> [Task brief]: Once the line containing "Fresh green Pods" is found in the entries below, restate it and each following line word for word, stopping after the line containing "Cat platform bed".

> [Brief descriptive captions]:

☆ ☆ ☆

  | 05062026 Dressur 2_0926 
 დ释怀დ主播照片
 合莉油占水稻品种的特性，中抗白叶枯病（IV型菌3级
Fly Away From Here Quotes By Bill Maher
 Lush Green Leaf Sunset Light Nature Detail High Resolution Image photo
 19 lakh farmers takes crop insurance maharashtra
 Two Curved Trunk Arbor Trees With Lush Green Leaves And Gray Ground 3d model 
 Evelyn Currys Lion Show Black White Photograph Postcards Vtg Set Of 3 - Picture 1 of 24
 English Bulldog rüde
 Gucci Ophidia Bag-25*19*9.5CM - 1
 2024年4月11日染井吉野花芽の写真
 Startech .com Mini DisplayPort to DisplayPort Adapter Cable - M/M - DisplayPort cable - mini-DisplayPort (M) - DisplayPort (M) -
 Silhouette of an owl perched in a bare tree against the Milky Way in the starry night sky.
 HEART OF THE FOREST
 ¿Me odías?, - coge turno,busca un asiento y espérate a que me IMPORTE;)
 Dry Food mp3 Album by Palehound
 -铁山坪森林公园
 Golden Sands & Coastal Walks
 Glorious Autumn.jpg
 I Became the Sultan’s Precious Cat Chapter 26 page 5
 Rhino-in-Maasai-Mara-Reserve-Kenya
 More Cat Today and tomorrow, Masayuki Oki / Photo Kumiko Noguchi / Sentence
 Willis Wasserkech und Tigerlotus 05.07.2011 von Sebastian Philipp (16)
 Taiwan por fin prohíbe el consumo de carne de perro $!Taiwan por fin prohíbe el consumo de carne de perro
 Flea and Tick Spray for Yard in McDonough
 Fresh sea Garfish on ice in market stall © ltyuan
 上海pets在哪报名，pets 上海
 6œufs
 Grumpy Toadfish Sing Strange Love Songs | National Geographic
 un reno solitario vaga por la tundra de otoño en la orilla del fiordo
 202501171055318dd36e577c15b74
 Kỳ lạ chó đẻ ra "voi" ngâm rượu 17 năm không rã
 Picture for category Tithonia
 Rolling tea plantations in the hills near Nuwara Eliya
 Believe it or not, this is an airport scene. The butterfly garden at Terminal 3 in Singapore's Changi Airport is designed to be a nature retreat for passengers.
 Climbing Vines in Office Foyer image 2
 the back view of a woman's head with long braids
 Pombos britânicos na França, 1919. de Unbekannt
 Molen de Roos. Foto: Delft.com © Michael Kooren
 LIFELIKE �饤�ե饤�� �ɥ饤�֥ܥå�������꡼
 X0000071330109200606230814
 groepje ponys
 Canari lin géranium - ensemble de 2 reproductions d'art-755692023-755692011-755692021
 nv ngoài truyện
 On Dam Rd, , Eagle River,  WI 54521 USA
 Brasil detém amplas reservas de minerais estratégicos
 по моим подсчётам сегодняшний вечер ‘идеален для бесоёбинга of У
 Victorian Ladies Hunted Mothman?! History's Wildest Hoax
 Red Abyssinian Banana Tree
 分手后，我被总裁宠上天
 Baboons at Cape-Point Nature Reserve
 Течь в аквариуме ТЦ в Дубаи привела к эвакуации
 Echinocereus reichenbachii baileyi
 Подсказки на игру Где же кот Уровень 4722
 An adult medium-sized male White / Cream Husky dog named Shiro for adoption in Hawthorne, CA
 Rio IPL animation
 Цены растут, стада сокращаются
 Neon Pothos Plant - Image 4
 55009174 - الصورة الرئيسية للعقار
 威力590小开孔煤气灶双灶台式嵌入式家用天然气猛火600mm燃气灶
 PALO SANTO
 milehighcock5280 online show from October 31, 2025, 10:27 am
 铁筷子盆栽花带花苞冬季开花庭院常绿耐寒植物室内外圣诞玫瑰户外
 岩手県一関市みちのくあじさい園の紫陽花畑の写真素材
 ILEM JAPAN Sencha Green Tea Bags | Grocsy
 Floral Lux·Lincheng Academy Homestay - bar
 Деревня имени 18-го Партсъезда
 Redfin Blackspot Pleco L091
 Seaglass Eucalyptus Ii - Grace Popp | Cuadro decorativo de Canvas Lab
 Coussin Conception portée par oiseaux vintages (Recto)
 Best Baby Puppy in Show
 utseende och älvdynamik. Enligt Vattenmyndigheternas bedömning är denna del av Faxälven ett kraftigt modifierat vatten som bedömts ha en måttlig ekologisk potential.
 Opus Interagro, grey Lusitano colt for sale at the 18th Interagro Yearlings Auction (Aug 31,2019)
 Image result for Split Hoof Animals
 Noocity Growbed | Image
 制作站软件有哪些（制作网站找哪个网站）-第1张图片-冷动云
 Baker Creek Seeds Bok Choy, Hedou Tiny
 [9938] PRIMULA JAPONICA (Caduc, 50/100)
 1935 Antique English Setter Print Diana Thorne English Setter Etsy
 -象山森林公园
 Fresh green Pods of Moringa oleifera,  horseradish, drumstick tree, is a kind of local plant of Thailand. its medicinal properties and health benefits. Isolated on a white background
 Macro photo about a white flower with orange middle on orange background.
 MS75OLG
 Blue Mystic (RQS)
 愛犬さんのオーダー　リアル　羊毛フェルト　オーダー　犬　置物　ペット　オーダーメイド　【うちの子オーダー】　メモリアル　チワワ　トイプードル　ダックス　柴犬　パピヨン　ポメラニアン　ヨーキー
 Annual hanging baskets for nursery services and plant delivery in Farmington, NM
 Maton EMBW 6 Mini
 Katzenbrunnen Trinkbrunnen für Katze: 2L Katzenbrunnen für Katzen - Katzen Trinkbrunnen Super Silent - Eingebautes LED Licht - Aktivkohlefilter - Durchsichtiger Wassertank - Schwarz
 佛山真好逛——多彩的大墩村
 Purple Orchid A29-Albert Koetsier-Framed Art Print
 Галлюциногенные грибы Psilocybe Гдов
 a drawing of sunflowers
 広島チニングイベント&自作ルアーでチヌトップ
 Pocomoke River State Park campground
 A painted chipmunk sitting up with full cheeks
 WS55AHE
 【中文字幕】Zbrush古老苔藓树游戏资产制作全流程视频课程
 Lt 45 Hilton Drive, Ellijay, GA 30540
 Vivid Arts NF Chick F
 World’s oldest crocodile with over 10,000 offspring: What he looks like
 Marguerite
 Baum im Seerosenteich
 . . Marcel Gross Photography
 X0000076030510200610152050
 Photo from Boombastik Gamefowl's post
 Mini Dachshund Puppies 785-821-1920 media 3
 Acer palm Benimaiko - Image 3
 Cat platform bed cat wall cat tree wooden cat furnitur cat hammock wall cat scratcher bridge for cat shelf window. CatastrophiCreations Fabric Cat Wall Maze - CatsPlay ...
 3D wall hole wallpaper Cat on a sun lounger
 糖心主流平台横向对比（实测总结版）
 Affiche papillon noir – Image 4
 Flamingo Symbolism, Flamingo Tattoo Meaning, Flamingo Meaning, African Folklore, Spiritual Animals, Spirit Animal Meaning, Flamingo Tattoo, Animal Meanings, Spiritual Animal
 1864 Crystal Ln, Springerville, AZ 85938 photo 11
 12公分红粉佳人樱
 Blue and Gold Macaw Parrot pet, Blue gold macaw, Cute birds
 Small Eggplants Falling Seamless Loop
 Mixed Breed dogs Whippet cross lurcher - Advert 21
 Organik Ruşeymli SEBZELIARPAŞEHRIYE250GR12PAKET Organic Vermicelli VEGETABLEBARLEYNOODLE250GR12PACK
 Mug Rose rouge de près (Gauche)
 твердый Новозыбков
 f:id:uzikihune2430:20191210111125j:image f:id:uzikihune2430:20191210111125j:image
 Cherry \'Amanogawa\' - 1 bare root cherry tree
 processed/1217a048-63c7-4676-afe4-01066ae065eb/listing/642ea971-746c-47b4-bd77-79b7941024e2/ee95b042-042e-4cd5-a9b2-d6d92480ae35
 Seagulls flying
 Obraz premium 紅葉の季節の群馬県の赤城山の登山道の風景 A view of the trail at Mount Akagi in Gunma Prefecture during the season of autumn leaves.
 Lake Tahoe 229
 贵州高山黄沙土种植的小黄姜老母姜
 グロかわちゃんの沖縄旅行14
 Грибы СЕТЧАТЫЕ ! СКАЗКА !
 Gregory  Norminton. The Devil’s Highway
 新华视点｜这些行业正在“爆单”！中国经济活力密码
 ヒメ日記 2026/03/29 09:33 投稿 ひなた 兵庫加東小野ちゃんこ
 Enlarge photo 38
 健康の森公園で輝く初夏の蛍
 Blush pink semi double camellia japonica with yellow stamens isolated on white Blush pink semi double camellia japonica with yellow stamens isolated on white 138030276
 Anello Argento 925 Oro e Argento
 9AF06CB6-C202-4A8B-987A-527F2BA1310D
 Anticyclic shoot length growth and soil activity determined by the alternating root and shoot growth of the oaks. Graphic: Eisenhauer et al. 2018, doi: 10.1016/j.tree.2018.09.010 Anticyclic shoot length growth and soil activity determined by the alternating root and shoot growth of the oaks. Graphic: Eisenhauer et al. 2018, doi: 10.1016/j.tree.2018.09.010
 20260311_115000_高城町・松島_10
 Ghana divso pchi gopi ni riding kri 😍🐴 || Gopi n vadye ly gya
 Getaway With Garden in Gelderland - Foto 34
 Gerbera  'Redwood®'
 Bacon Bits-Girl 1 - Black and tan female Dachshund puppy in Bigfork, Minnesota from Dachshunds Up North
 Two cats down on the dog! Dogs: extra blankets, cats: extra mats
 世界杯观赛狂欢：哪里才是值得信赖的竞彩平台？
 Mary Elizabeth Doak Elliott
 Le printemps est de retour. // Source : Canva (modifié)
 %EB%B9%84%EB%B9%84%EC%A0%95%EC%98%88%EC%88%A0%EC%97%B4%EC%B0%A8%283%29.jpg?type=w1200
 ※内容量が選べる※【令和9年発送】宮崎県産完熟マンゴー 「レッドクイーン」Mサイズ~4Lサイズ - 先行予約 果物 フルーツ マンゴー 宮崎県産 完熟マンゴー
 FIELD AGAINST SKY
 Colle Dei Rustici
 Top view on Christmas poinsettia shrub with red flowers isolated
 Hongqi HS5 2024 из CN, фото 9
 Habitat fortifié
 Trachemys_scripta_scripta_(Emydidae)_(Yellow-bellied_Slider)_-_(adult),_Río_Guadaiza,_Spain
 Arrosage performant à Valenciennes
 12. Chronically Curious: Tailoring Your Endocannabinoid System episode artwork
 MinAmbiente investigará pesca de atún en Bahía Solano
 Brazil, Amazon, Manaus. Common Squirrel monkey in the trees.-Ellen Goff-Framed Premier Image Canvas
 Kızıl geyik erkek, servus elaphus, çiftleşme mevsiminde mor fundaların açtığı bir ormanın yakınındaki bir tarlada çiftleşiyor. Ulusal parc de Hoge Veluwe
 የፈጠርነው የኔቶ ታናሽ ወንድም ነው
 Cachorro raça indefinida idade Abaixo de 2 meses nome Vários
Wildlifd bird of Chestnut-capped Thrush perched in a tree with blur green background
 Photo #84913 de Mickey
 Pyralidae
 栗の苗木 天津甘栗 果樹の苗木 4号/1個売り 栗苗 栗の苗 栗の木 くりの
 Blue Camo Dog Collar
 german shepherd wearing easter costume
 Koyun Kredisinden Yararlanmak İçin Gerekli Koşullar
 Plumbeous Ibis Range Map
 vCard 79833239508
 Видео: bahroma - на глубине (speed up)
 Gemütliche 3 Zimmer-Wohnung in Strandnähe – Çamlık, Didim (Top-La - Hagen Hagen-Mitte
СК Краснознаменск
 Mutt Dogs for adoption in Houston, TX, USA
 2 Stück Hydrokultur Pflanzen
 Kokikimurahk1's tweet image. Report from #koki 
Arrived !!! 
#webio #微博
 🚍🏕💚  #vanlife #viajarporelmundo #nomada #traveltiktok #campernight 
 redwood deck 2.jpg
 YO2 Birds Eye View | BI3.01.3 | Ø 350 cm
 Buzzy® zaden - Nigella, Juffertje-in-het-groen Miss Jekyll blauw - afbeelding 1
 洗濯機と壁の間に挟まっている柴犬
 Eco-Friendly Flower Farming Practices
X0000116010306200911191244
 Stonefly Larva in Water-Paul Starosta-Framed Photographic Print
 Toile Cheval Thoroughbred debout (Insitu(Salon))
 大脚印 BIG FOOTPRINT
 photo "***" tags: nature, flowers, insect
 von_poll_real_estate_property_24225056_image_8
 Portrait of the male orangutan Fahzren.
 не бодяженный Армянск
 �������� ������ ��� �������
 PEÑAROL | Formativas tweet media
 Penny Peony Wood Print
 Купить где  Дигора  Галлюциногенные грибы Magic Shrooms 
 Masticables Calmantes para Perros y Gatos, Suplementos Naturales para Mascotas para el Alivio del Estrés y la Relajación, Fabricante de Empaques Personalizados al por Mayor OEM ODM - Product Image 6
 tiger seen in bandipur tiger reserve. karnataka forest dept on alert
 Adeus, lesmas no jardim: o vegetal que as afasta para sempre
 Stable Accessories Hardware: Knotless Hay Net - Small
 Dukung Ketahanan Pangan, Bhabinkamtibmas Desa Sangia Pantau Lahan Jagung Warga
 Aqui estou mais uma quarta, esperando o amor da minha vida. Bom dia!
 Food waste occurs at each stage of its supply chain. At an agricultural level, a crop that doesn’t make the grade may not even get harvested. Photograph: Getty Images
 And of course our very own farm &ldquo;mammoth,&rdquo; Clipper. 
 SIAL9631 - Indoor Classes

☆ ☆ ☆

> [Your solution]:
 Fresh green Pods of Moringa oleifera,  horseradish, drumstick tree, is a kind of local plant of Thailand. its medicinal properties and health benefits. Isolated on a white background
 Macro photo about a white flower with orange middle on orange background.
 MS75OLG
 Blue Mystic (RQS)
 愛犬さんのオーダー　リアル　羊毛フェルト　オーダー　犬　置物　ペット　オーダーメイド　【うちの子オーダー】　メモリアル　チワワ　トイプードル　ダックス　柴犬　パピヨン　ポメラニアン　ヨーキー
 Annual hanging baskets for nursery services and plant delivery in Farmington, NM
 Maton EMBW 6 Mini
 Katzenbrunnen Trinkbrunnen für Katze: 2L Katzenbrunnen für Katzen - Katzen Trinkbrunnen Super Silent - Eingebautes LED Licht - Aktivkohlefilter - Durchsichtiger Wassertank - Schwarz
 佛山真好逛——多彩的大墩村
 Purple Orchid A29-Albert Koetsier-Framed Art Print
 Галлюциногенные грибы Psilocybe Гдов
 a drawing of sunflowers
 広島チニングイベント&自作ルアーでチヌトップ
 Pocomoke River State Park campground
 A painted chipmunk sitting up with full cheeks
 WS55AHE
 【中文字幕】Zbrush古老苔藓树游戏资产制作全流程视频课程
 Lt 45 Hilton Drive, Ellijay, GA 30540
 Vivid Arts NF Chick F
 World’s oldest crocodile with over 10,000 offspring: What he looks like
 Marguerite
 Baum im Seerosenteich
 . . Marcel Gross Photography
 X0000076030510200610152050
 Photo from Boombastik Gamefowl's post
 Mini Dachshund Puppies 785-821-1920 media 3
 Acer palm Benimaiko - Image 3
 Cat platform bed cat wall cat tree wooden cat furnitur cat hammock wall cat scratcher bridge for cat shelf window. CatastrophiCreations Fabric Cat Wall Maze - CatsPlay ...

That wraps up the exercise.